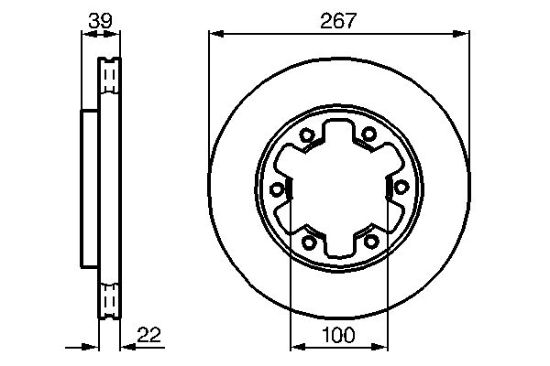 Brake Disc -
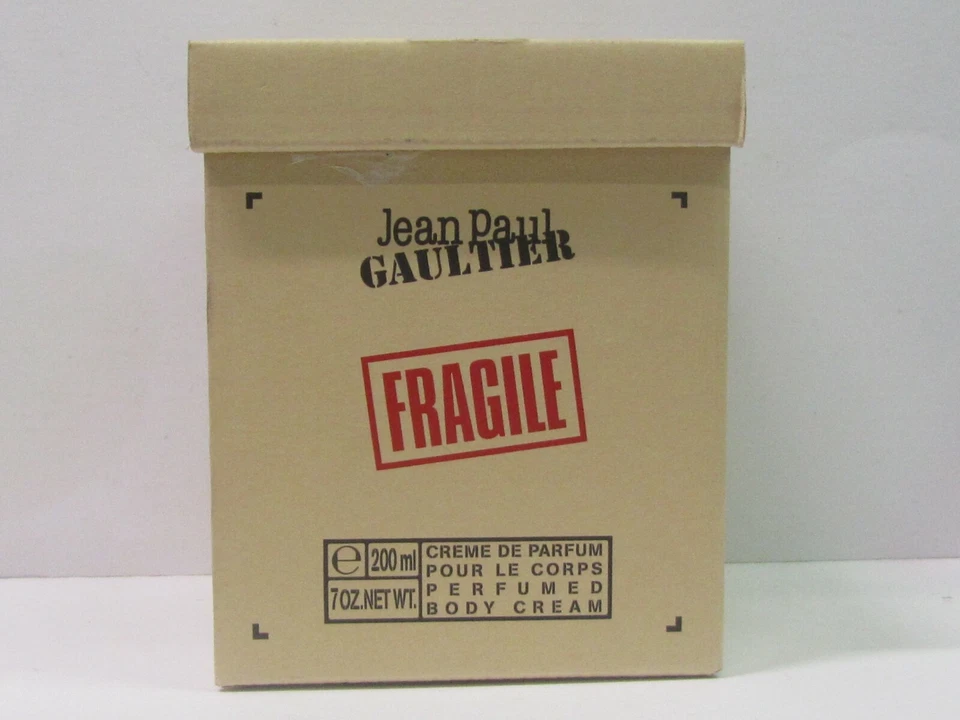 Crema corporal perfumada Fragile by Jean Paul Gaultier para mujer 7 oz nueva en caja SELLADA Foto 1 de 3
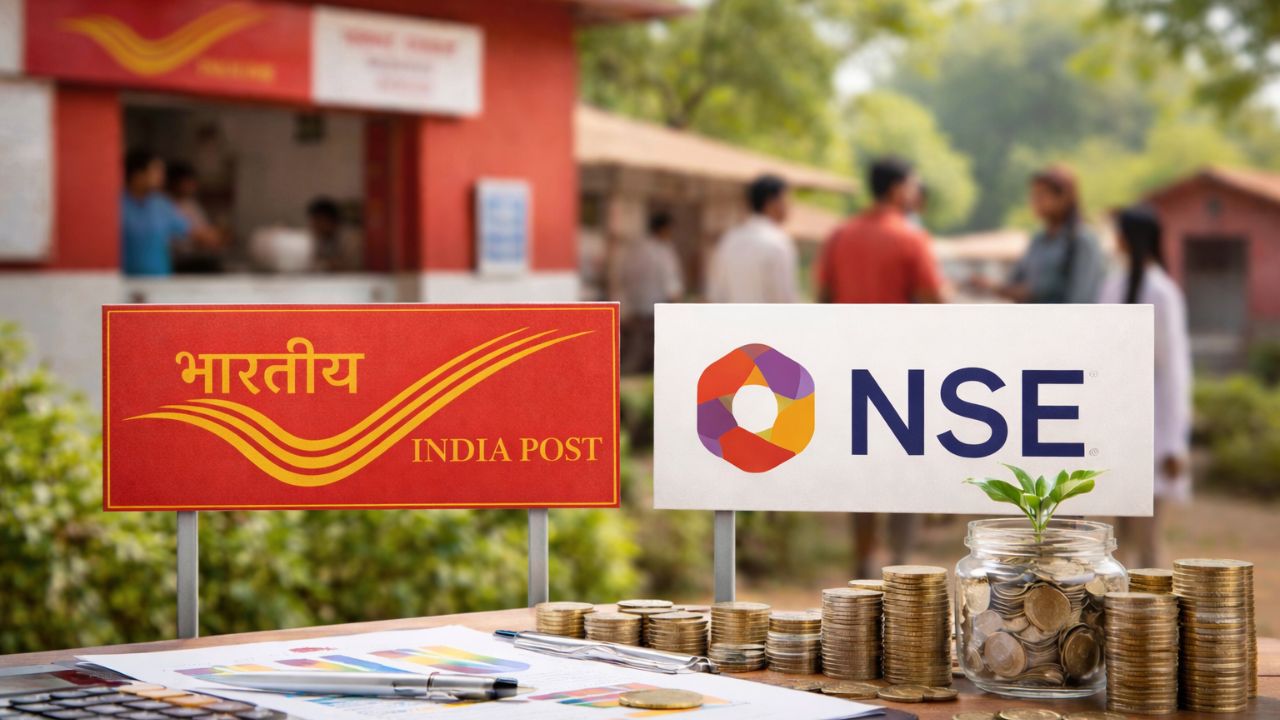 India Post and NSE Join Hands to Take Mutual Funds to Every Corner of the Country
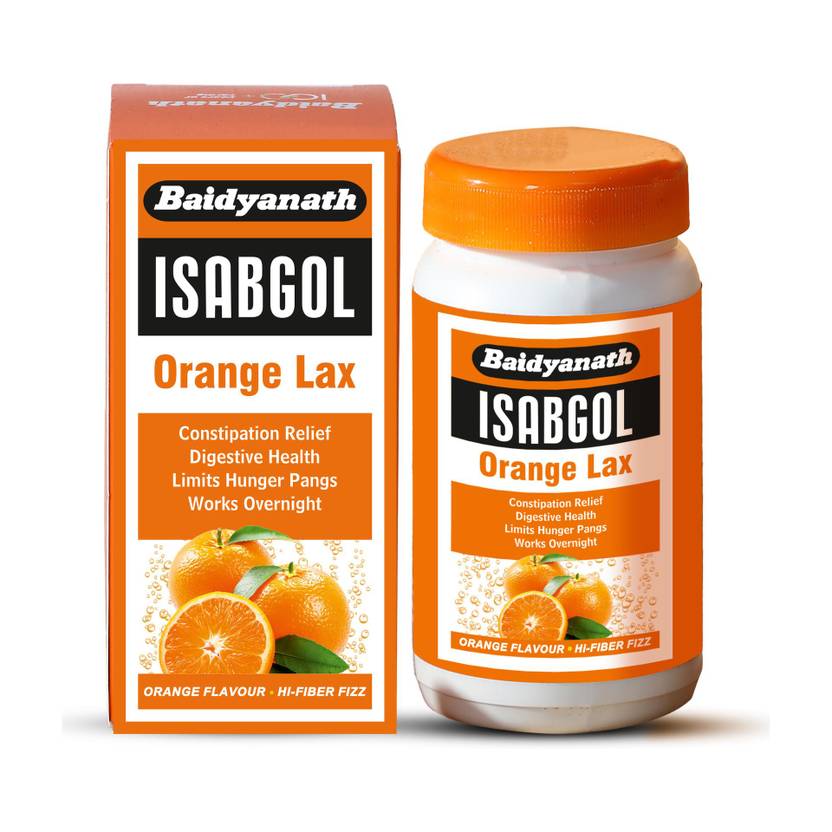Baidyanath Asli Ayurved Isabgol Orange Flavour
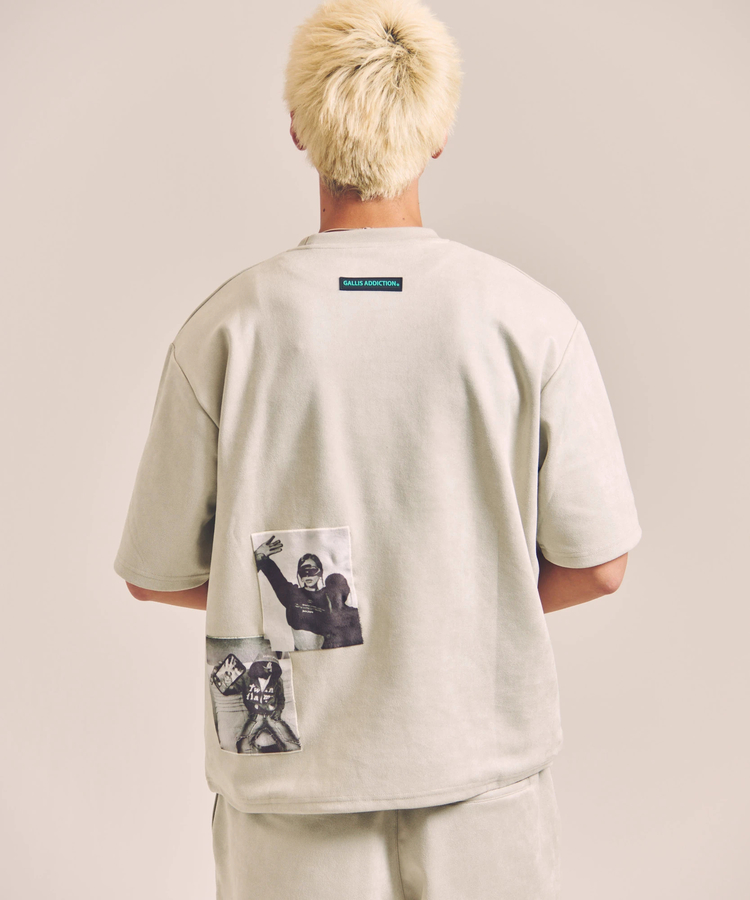 JACKROSE(ジャックローズ) |GA SUEDE RANDOM-PHOTO SS TEE *セットアップ対応(MENS)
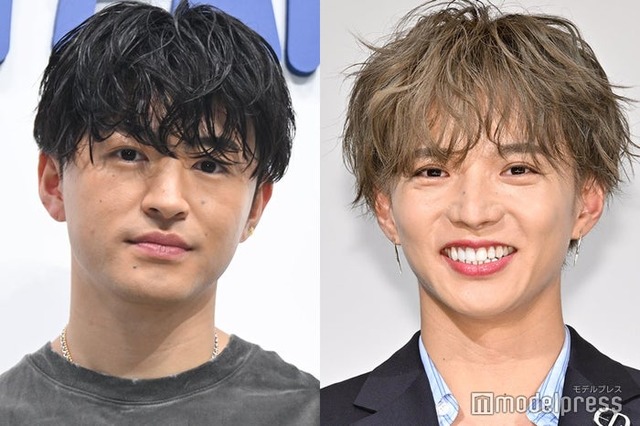 佐野玲於、佐藤大樹（C）モデルプレス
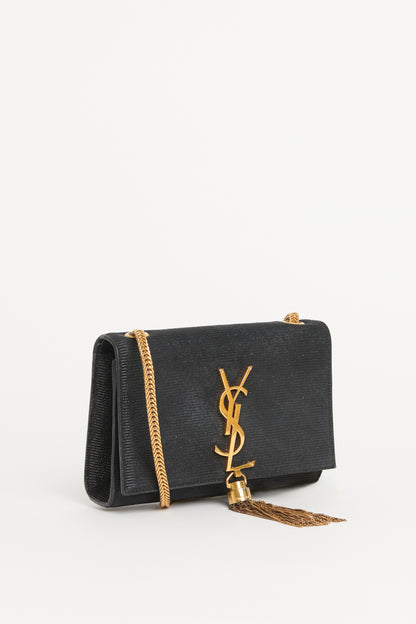 Kate Small Tassel Black Preowned Mini Bag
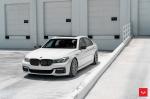 BMW 740i on Vossen Wheels (HF-2) 2018 года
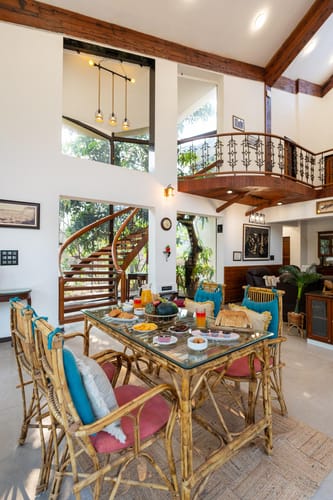 The Valdivian Villa – 3 bedroom villa in Alibaug, Maharashtra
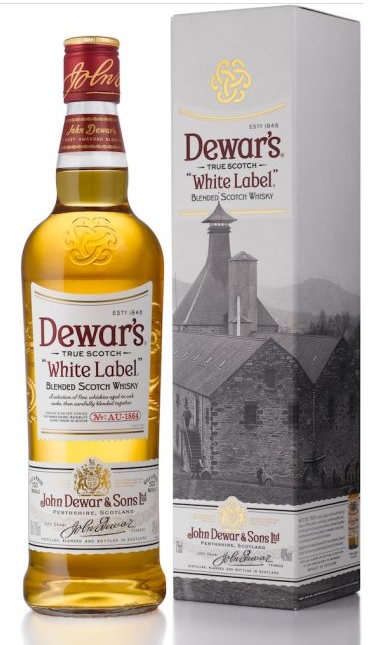 Whisky Dewar's White Label 750ml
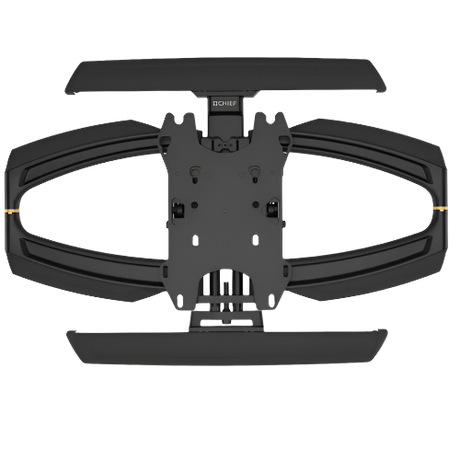 TS525TU Large THINSTALL™ Dual Swing Arm Wall Display Mount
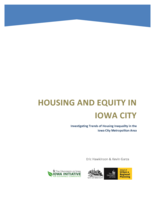 Housing and Equity in Iowa City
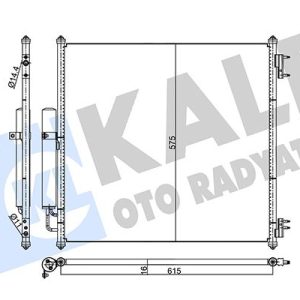 KLIMA RADYATORU DEFENDER L663 19 R.R 4 VOGUE L405 12 R.R SPORT 2 L494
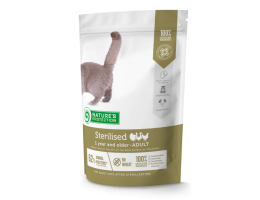 Nature\'s Protection Сухой корм для котов Sterilised Adult Птица 400 г
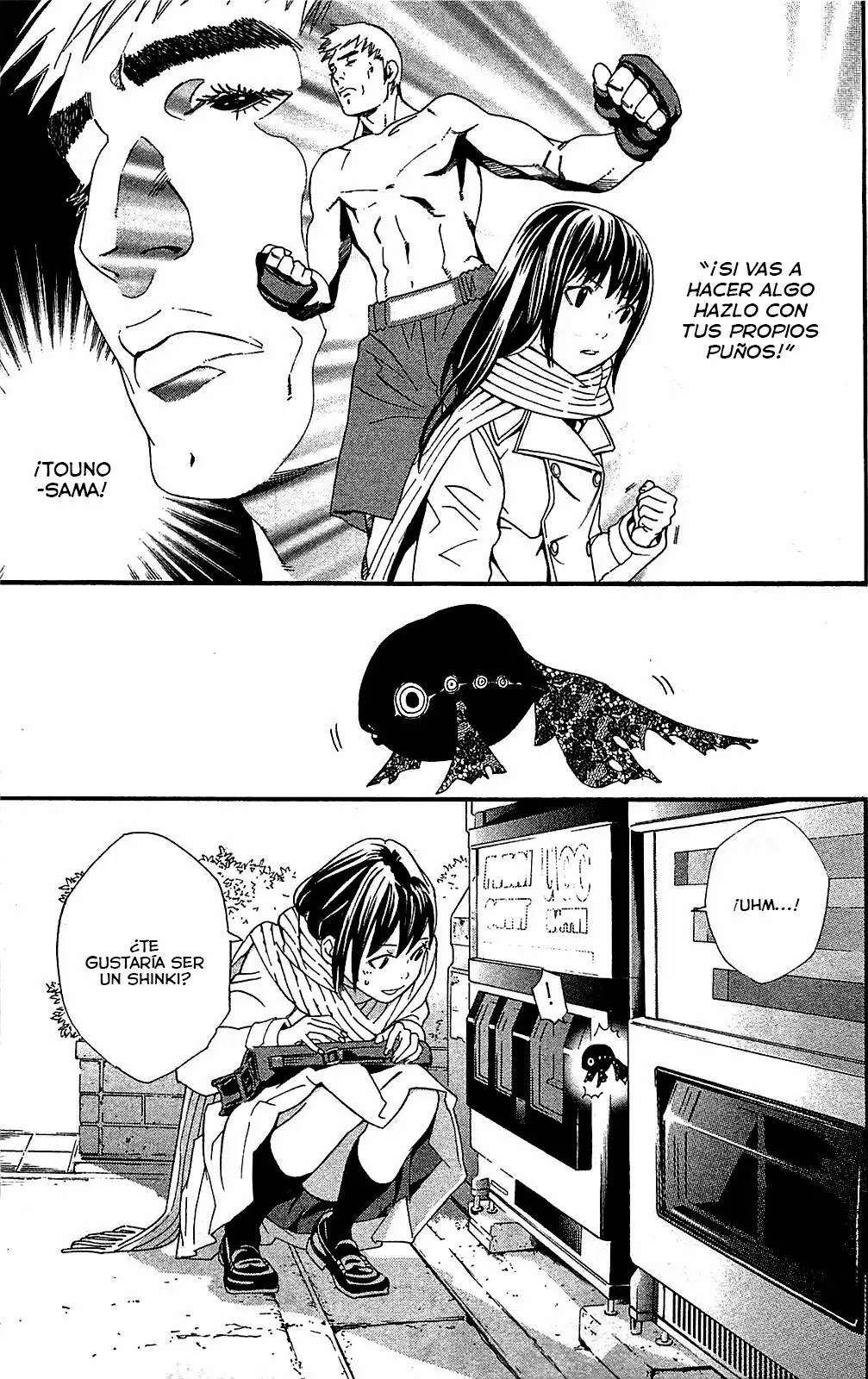 Noragami - Capítulo 3 - Página 21 - LectorTMOo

[Problem statement] Copy the records exactly; no image should appear in the result.

[Written answer]
 Brake Disc -
 Crema corporal perfumada Fragile by Jean Paul Gaultier para mujer 7 oz nueva en caja SELLADA Foto 1 de 3
 India Post and NSE Join Hands to Take Mutual Funds to Every Corner of the Country
Baidyanath Asli Ayurved Isabgol Orange Flavour
 JACKROSE(ジャックローズ) |GA SUEDE RANDOM-PHOTO SS TEE *セットアップ対応(MENS)
 佐野玲於、佐藤大樹（C）モデルプレス
 Kate Small Tassel Black Preowned Mini Bag
 BMW 740i on Vossen Wheels (HF-2) 2018 года
 The Valdivian Villa – 3 bedroom villa in Alibaug, Maharashtra
 Whisky Dewar's White Label 750ml
 TS525TU Large THINSTALL™ Dual Swing Arm Wall Display Mount
 Housing and Equity in Iowa City
 KLIMA RADYATORU DEFENDER L663 19 R.R 4 VOGUE L405 12 R.R SPORT 2 L494
 Nature\'s Protection Сухой корм для котов Sterilised Adult Птица 400 г
 Noragami - Capítulo 3 - Página 21 - LectorTMOo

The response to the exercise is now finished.